To be clear: the trucking industry is not opposed to battery-electric vehicles (BEV). Some fleets are testing them, and the initial results are mixed at best. What’s abundantly clear from early adopters of this technology is that the hurdles to widescale adoption are so massive and undeniable that target and timelines mandated by the U.S. Environmental Protection Agency (EPA) and the California Air Resources Board (CARB) can be described as nothing more than utterly disconnected from reality.
This week a fleet manager for PITT OHIO, an early-adopter of BEV trucks, testified on Capitol Hill to explain the real-world challenges of commercial vehicle electrification to members of Congress:
What we do oppose are one-size-fits-all mandates that impose singular technologies onto an extremely varied industry like trucking while ruling out alternative fuel sources that offer greater environmental, operational, and financial benefits. Just as any good toolbox contains a diverse set of tools, each designed for specific tasks, the trucking industry needs a range of technologies tailored to different operational needs. Hammers are great at driving nails, but it’s not advisable to build a house with just a hammer. BEV trucks might work well in specific trucking operations, such as urban delivery and school buses–but you cannot move the entire U.S. economy on battery-electric alone.

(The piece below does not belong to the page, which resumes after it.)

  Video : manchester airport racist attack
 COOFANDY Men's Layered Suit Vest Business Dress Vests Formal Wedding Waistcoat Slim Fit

EPA’s new Greenhouse Gas Phase 3 regulation classifies BEV trucks as “zero-emission,” but that’s only because regulators looked solely at tailpipe emissions and excluded the full life-cycle carbon footprint of battery-electric and other alternatives. It’s no longer a secret that battery-electric trucks are not truly zero-emission vehicles, as the sourcing of rare minerals, the production of Lithium-ion batteries, and the electricity generation and transmission required to power them generate significant carbon emissions. Replacing a petroleum diesel truck with battery-electric does reduce the lifecycle carbon footprint by about 30%. However, substituting renewable diesel in place of petroleum provides a far greater carbon reduction of nearly 70%.